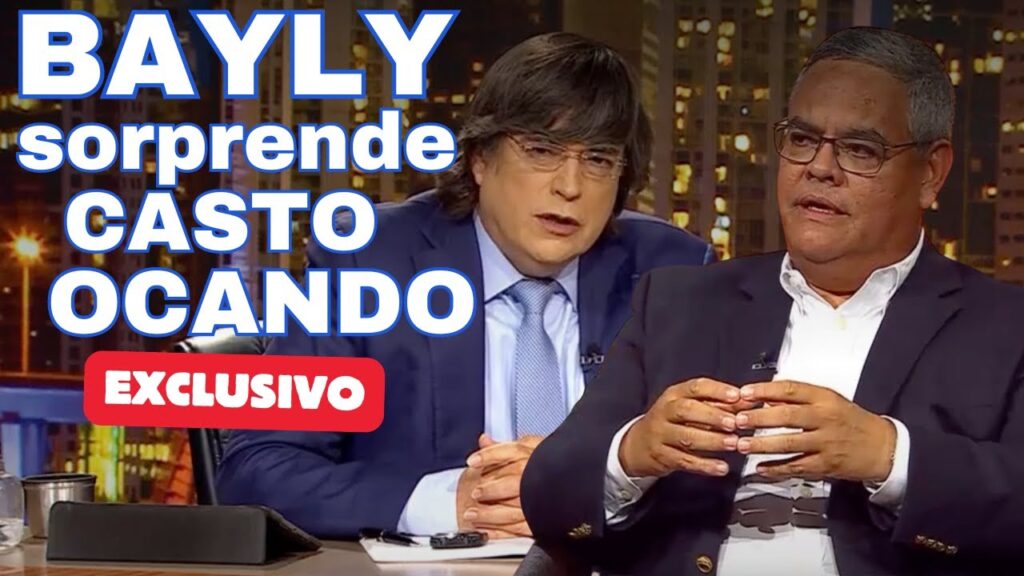 Últimas Noticias y Comentarios: Análisis Profundo al Momento 1 ultimas noticias y comentarios analisis profundo al momento
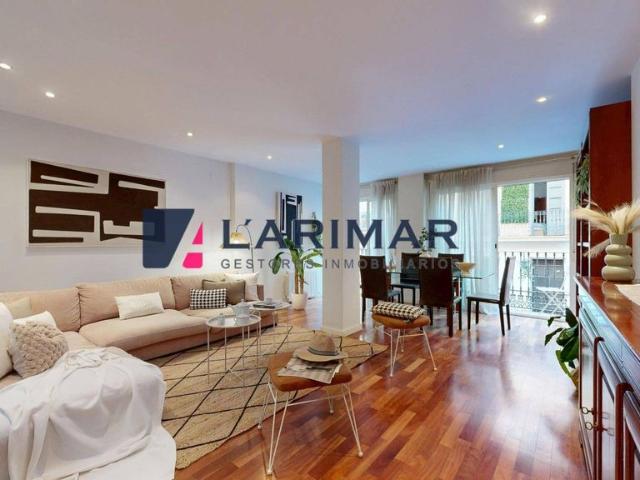 Piso de lujo en venta en Alicante, Comunidad Valenciana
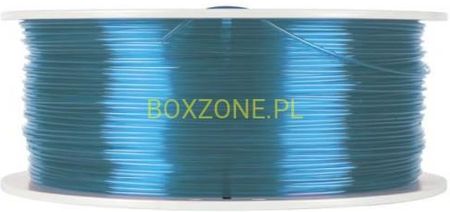 Verbatim 3D filament PET-G 1,75mm 1000g 55056 transparent blue
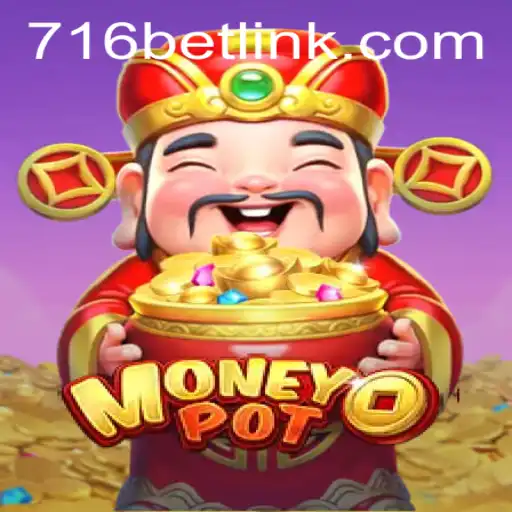 716bet.com Jogos de cassino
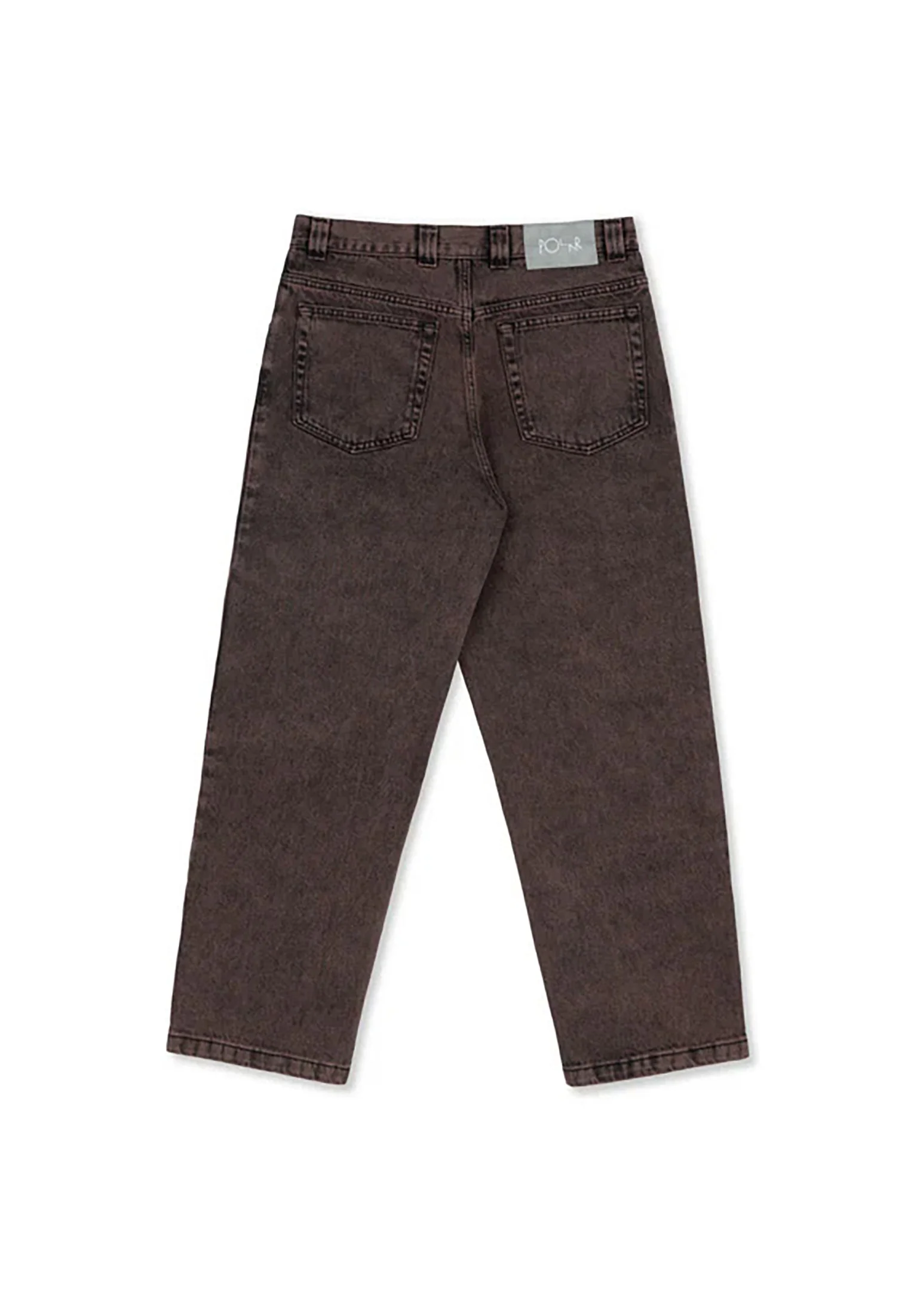 93! Denim - Image 2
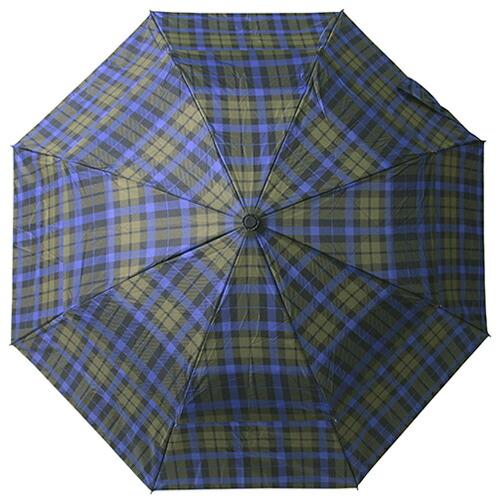 爆買 totes トーツ A253 B66 | totes | 01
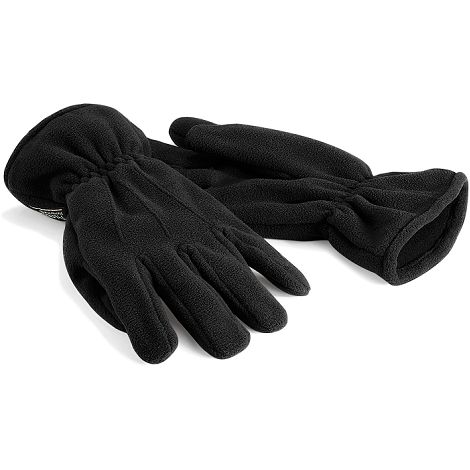  Gants homme Thinsulate™ en Suprafleece®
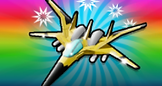 Gold Falken in Military Tycoon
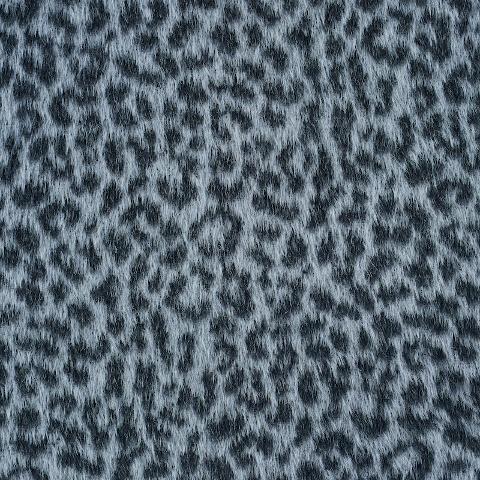 LILYA LEOPARD
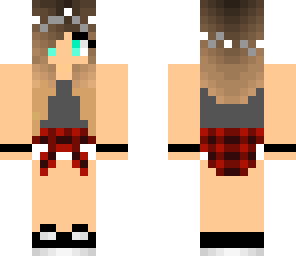 hipster edit 2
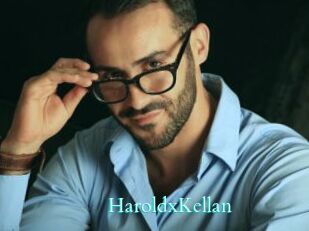 HaroldxKellan Free Gay Porn Finder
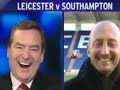 Gillette Soccer Saturday Funny Moments!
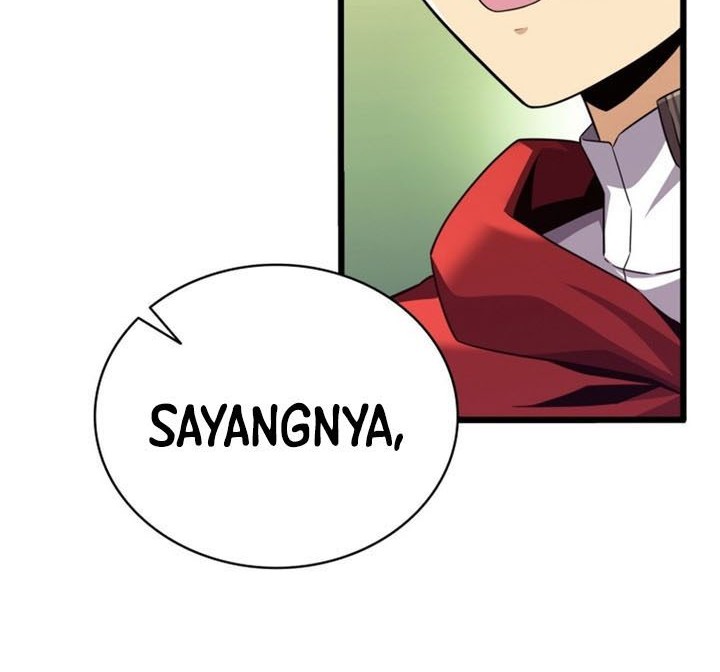 Arcane Sniper Chapter 136 - halaman 45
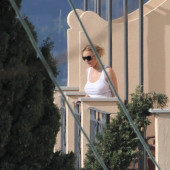 Lindsay Lohan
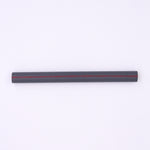 Yamaha Hose PN 90445-113E8-00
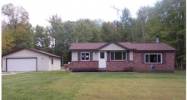 126 Henderson Lake Dr Lupton, MI 48635 - Image 17127821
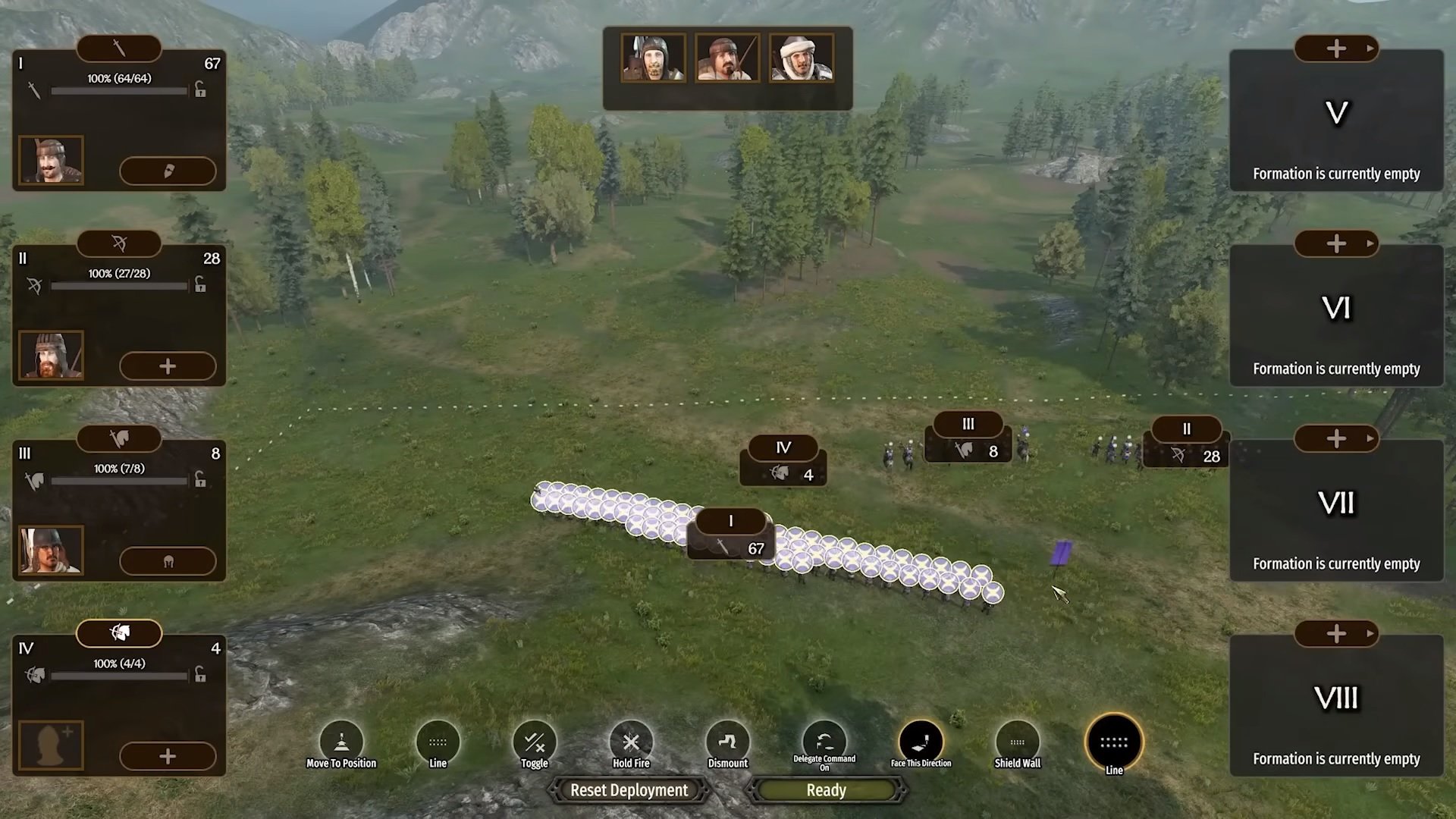 原神 豪华版 截图18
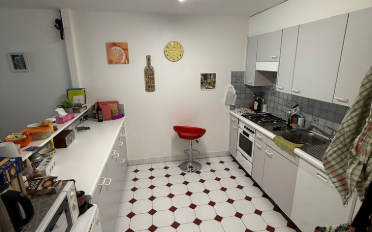 Wohnung 2.5 Zimmer - image - 3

######

DESCRIPTION OF THE TASK -
Lines wanted from the entries above: the one with "Piso de lujo", the one with "Gillette Soccer Saturday Funny Moments!", and all lines between. Please copy them exactly, without the pictures and without anything else.

EXPECTED ANSWER -
 Piso de lujo en venta en Alicante, Comunidad Valenciana
 Verbatim 3D filament PET-G 1,75mm 1000g 55056 transparent blue
 716bet.com Jogos de cassino
 93! Denim - Image 2
 爆買 totes トーツ A253 B66 | totes | 01
  Gants homme Thinsulate™ en Suprafleece®
 Gold Falken in Military Tycoon
 LILYA LEOPARD
 hipster edit 2
 HaroldxKellan Free Gay Porn Finder
 Gillette Soccer Saturday Funny Moments!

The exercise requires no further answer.